- Directed by: Peter Bishai
- Written by: Peter Bishai Andre Pieterse
- Produced by: Michael Mosca Andre Pieterse
- Starring: Wandile Molebatsi Jason Hartman Masello Motana Stelio Savante
- Cinematography: Trevor A Brown
- Edited by: Annie Ilkow
- Music by: Laurent Eyquem
- Distributed by: D Films (Canada) Nu Metro (South Africa)
- Release date: 27 September 2011 (Hollywood Black Film Festival);
- Running time: 120 minutes
- Countries: Canada South Africa
- Language: English
- Budget: $6,000,000

= A Million Colours =

A Million Colours, also called Colors of Heaven, is a 2011 film directed by Peter Bishai and co-written with Andre Pieterse.
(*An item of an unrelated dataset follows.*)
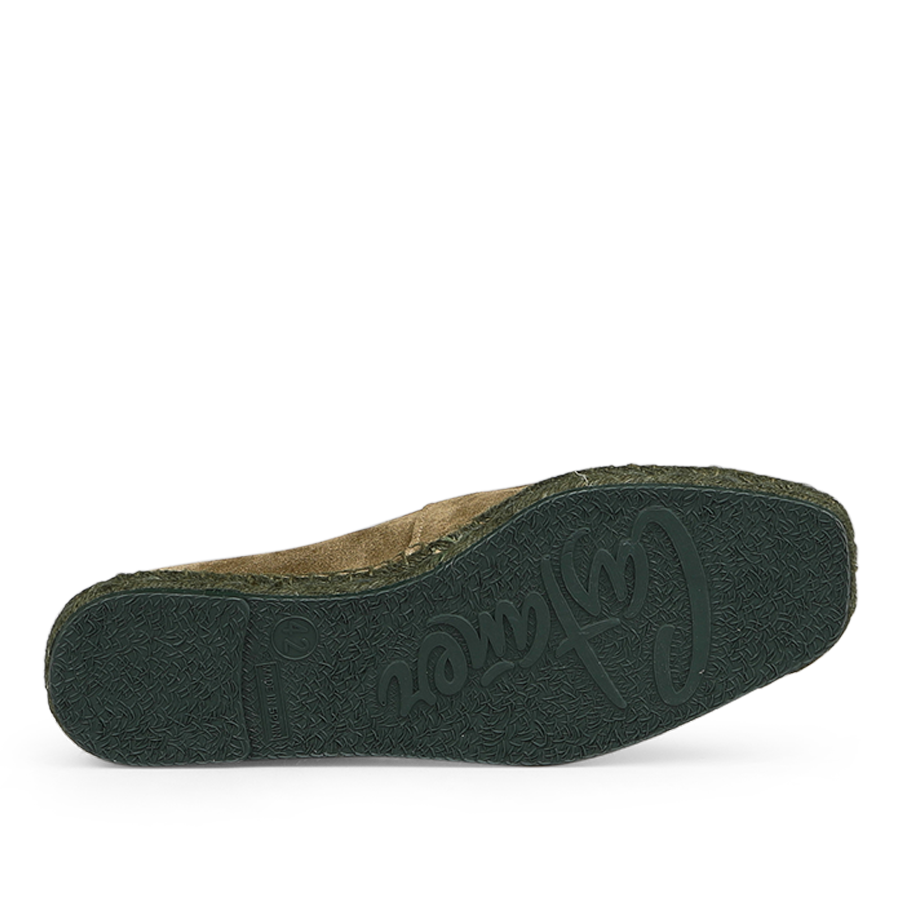 A bottom view of a shoe with a textured dark sole displays the "Castañer" brand name. The upper is made of dark green suede leather, and subtle accents hint at natural jute, blending seamlessly with the overall Pablo Espadrilles design.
It is based on the lives of Muntu Ndebele and Norman Knox, actors in the film Forever Young, Forever Free, also known as e'Lollipop. It follows them from the success of the film around the time of the Soweto Uprising, through to the election of Nelson Mandela.

==Cast==
- Wandile Molebatsi as Muntu Ndebele
- Jason Hartman as Norman Knox
- Masello Motana as Sabela
- Stelio Savante as Major Shawn Dixon

==Reception==
One reviewer said of the film, "It is a tale of the exploration of morality, self-sacrifice, integrity and the conviction of one’s belief system. To those with an open mind it will offer a rich exploration of the past, but it is one that requires an appreciation of telling the story of the personal to take us inside the past, and bring child film star Muntu’s story to life."